Well then no one gets to make any phones until they learn to play nicely together.
Just guessing but I'd think that Nokia or Moto on their own would have enough patents to make it very very difficult for anyone else to make a phone if they wanted to be dicks about it.
As long as there aren't any import bans, everyone would still be making devices. Assuming that the cases get large enough and everyone has declared full-out warfare on everyone else, it would be stuck in court for a long time.
For the most part, they don't. Patents essential to a standard are required to be licensed under FRAND terms in most jurisdictions. This generally shuts down most efforts to use these offensively. This is why we probably haven't seen Apple sue with any of the Nortel patents that they've acquired.

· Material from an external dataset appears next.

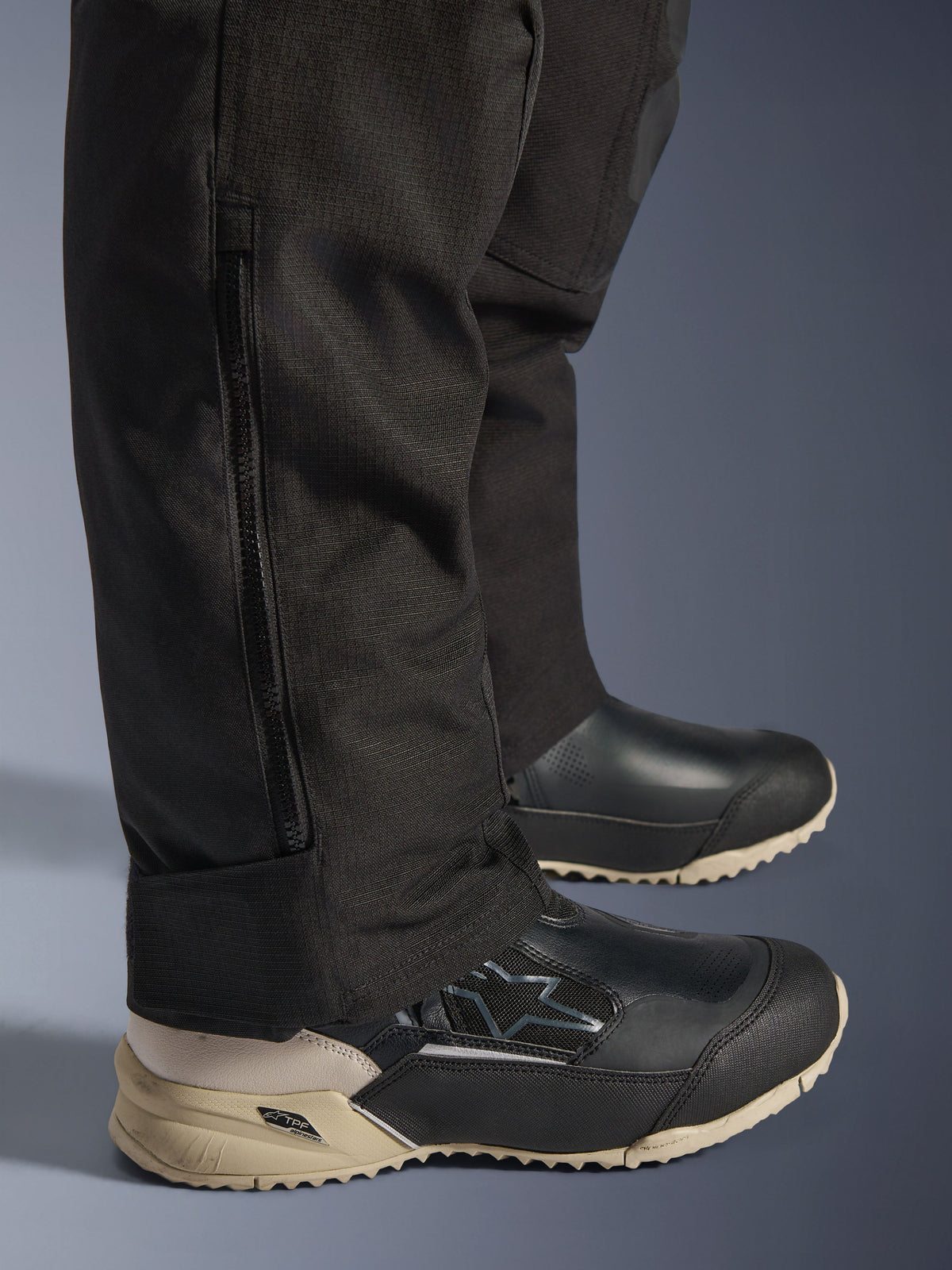 Alpinestars Stella Andes V4 Drystar® bukser, detalje af det sorte underben med lodret lynlås til pasform over støvler, slidstærk tekstilkonstruktion, adventure-motorcykeludstyr til kvinder.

It does not encourage innovation. It encourages patenting. Actual innovation happens when companies want to develop something great. This patent system discourages new players from developing great devices, because they could spend years doing actual innovation only to be sued out of existence by one of the big boys that doesn't like competition and has broad patents to kill it.
The opposite problem is also true, however. If a new company develops something and can't patent it, the large companies with established production capabilities, supplier reputation, brand awareness, etc. can easily steal the design from the little guys and make the device and crowd the smaller, new comers out of the market. This discourages new players from developing great devices, because they could spend years doing actual innovation only to be clobbered out of existence by one of the big boys that wants a slice of the action and has the manufacturing and marketing muscle to kill them.

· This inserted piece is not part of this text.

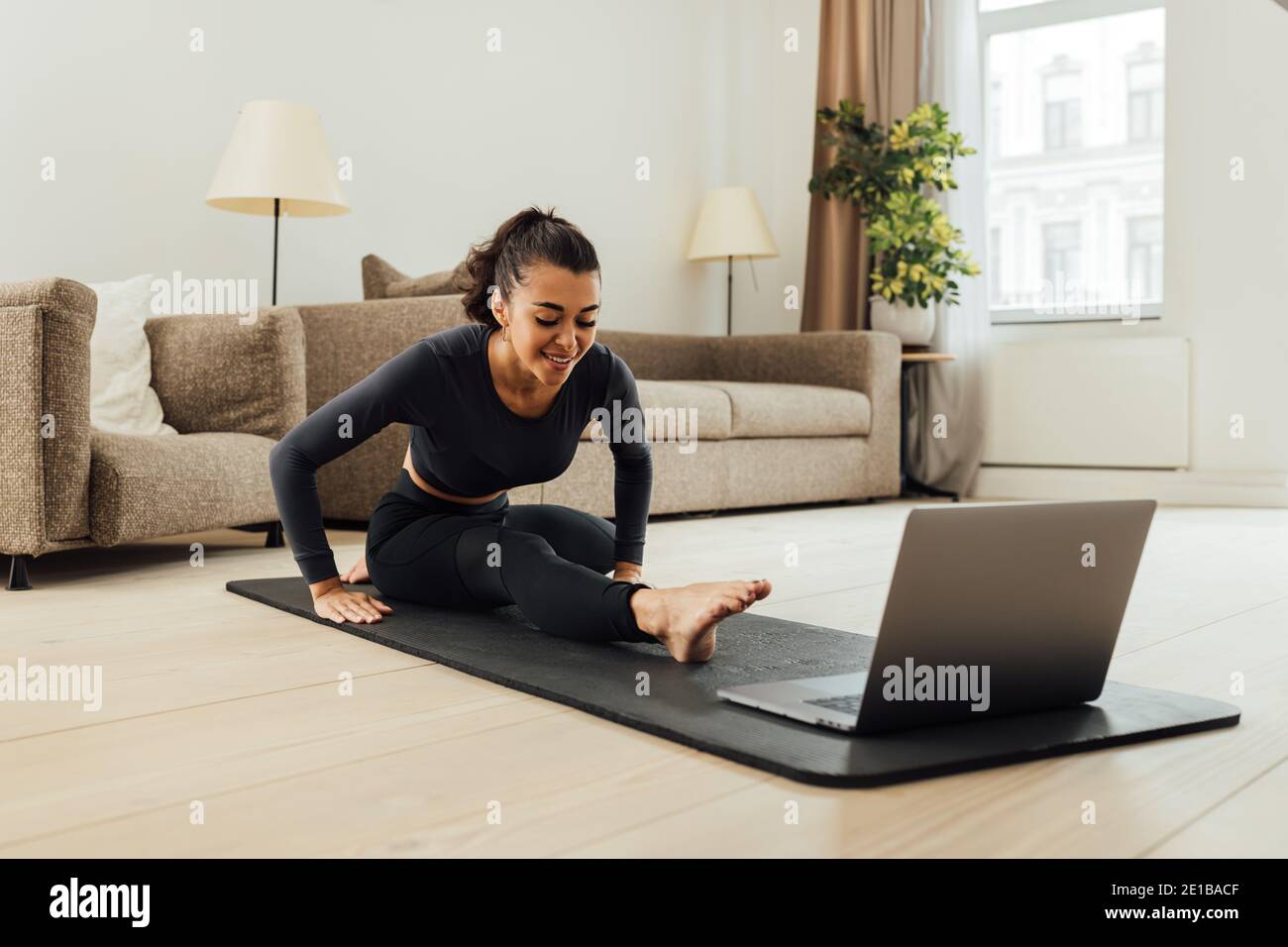 Female doing stretching workout while watching online videos on laptop indoors Stock Photo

There are issues with the current system suffering poor implementation, but there's a lot of public misconception about the system as well. Most people just look at a patent for something and assume that it's obvious without really digging into the claims or looking at the implementation details. More often than not, something that appeared simple on the surface, has a lot of complicated implementation details that make it non-obvious, or alternatively, fairly easy for some third party to work around.